Strengths and limitations
Strengths of this study include testing a novel method for assessing sitting and standing time, the use of wearable technology and the classroom-based setting for data collection. Findings support other research while providing a new foundation for future interventions in this field. Limitations of this study include the small sample size, which limits the generalisability of the results and prevents larger group comparisons. In addition, Fitbits were worn on the non-dominant wrist, and it is possible that the results may have shown a higher correlation with standing and the Arduino data if they were worn on the waist. Finally, students were not asked their preferences regarding stand-biased (fixed height) desks.
Conclusion
Implications for practice from this study include consideration of using Arduinos to capture sitting while using adjustable standing desks.

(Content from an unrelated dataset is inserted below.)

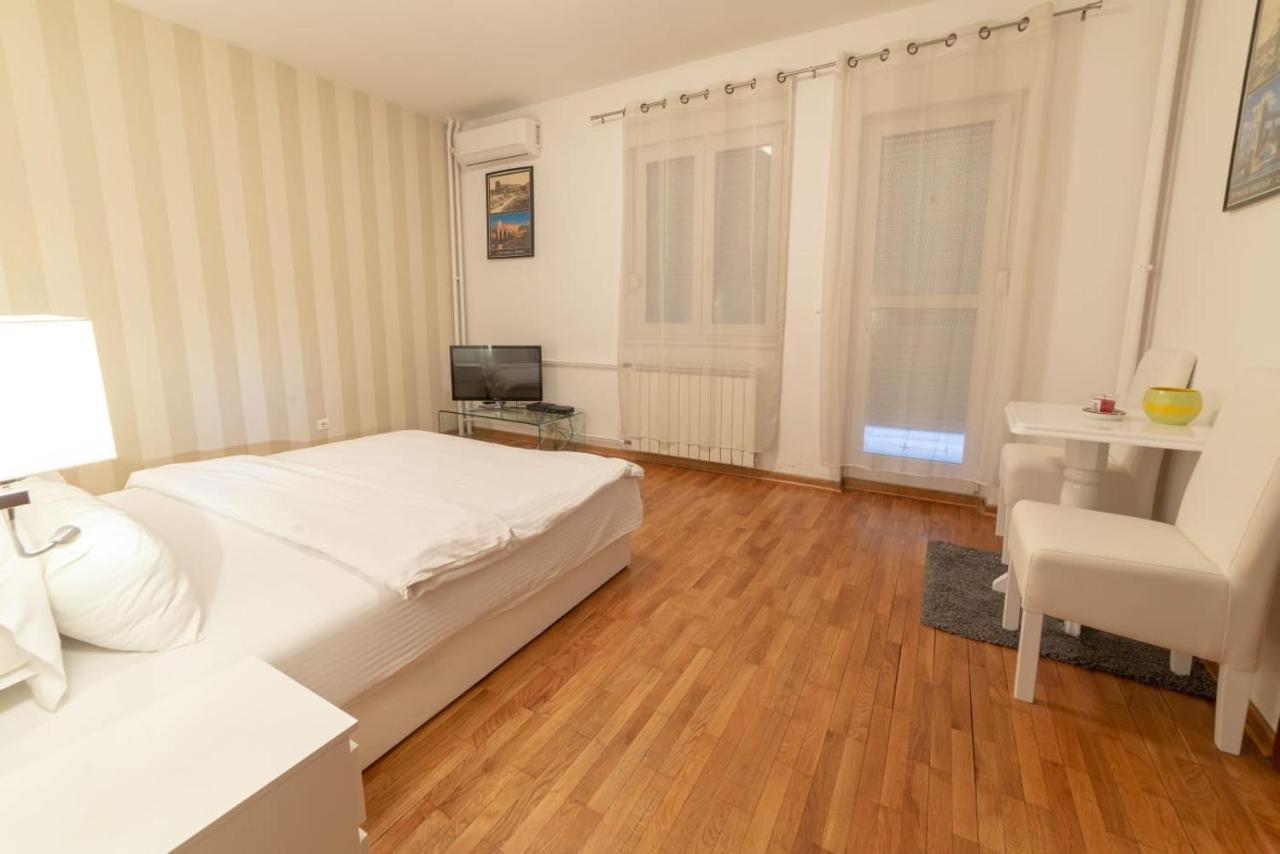 Apartment Royal City Belgrado Buitenkant foto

This is a relatively inexpensive strategy with which to assess sedentary behaviours in a classroom. Study findings offer additional support for providing and promoting use of height-adjustable standing desks in college populations, particularly tabletop desks that can be applied in a variety of settings. There is a need to better understand instructor perspectives for using standing desks in college classrooms, including their potential role in standing desk interventions and preferences for type of desk used.
Footnotes
Funding
The author(s) disclosed receipt of the following financial support for the research, authorship, and/or publication of this article: This work was supported by Project ADVANCER for Academic Development via Applied and Cutting-Edge Research at the University of Missouri–Kansas City.